If you came across the following prices on competing cookie products, which would you say is the better deal?
OK, so this is a bit of a trick question. Of course you can’t tell which is the better deal unless you also know the regular price of each product, since both brands are on sale for $1.99. Unfortunately, many manufacturers focus primarily on promoted price point when determining the overall pricing and trade strategy, which is like looking at the information above – it’s only half of the picture. So here is some additional information:
Now you can easily see that Kelly’s offers a better deal at the $1.99 price point because it has a higher regular price to start with ($3.29 vs. $2.89). Discount is the way to quantify the difference between regular and promoted prices and compare different deals to each other.
Calculations of Discount
There are 2 ways to think about discount and shoppers do consider both of these, either explicitly or subconsciously.
1. Absolute discount is the amount that the sale price is below the regular price, expressed in dollars or cents.
absolute discount = regular price – sale price
In a Nielsen or IRI database this is sometimes available as a fact. If it’s not, then the facts to use are:
absolute discount = base price – promoted price*
* promoted price can be the price under any of the merchandising tactics (any merch, quality, feature, display, feature & display, TPR)
2. % discount expresses the amount as the percentage the sale price is below the regular price:
% discount = (regular price – sale price) / regular price
In a Nielsen or IRI database this is usually available as a fact. If it’s not, then the facts to use are:
% discount = (base price – promoted price) / base price
(The most common mistake when calculating % discount is to use the wrong denominator! This is the correct one – not average price or promoted price.)
So here is the discount information for our example:
Now you can easily see that Kelly’s is offering a better deal, since you are saving $1.30 (rather than 90¢) and 40% (rather than 31%).
Remember! A higher discount number (absolute or %) is “better,” in that it offers a better deal. We often say “deeper discount” instead of “higher discount” to clarify this.
Comparing Discounts
Here are some of the most common ways that comparing discounts can help inform your price-trade strategy:
- Discount under different merchandising conditions – the same discount level across merchandising conditions result in different lifts. For example, you will sell more product at a 30% discount if you are on display than if there is only a shelf price discount. This will be the topic of a future post.
- Discount vs. year ago – are you offering a similar discount to last year? Of course, this is related to your base and promoted points and how they have changed in relation to each other.
- Discount in different retailers – are shoppers seeing different discounts in different stores? Are some retailers giving you more support (ie – deeper discounts) than others?
- Discount vs. competition – how do your “deals” compare to other products a shopper may consider when also looking at your product?

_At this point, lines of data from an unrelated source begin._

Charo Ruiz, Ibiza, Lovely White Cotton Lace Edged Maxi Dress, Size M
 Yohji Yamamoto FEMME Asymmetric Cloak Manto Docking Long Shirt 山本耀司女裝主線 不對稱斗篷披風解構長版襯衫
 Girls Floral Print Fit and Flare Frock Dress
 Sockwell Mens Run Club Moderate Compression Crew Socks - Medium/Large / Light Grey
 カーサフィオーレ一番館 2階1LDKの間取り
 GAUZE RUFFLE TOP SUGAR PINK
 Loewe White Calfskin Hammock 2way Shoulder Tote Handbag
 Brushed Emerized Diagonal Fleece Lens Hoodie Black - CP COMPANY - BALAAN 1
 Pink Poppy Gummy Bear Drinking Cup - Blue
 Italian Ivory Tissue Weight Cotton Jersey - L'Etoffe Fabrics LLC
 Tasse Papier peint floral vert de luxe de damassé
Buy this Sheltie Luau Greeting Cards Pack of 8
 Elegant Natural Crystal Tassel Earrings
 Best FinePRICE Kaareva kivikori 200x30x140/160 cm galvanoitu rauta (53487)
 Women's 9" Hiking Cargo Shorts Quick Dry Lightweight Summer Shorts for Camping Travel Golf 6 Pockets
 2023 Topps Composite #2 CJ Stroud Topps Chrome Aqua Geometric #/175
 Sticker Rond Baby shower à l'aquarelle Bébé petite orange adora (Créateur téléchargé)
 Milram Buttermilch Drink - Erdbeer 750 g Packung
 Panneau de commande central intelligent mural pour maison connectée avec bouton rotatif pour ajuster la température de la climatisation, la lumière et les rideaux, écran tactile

Of course you need to consider the promoted price point in conjunction with the discount to get the full picture. Neither one alone is enough. If you have the same discount as last year but your base price is higher, then the promoted price would also be higher. If you have the same promoted price as last year but your base price is higher, then your discount is deeper and your lifts will be higher. As in the example above, don’t forget to check to see both promoted prices and discounts that shoppers see for your products vs. the competition.
How do you think about and use discount? Is it different than what I’ve talked about? Please leave a comment for this post.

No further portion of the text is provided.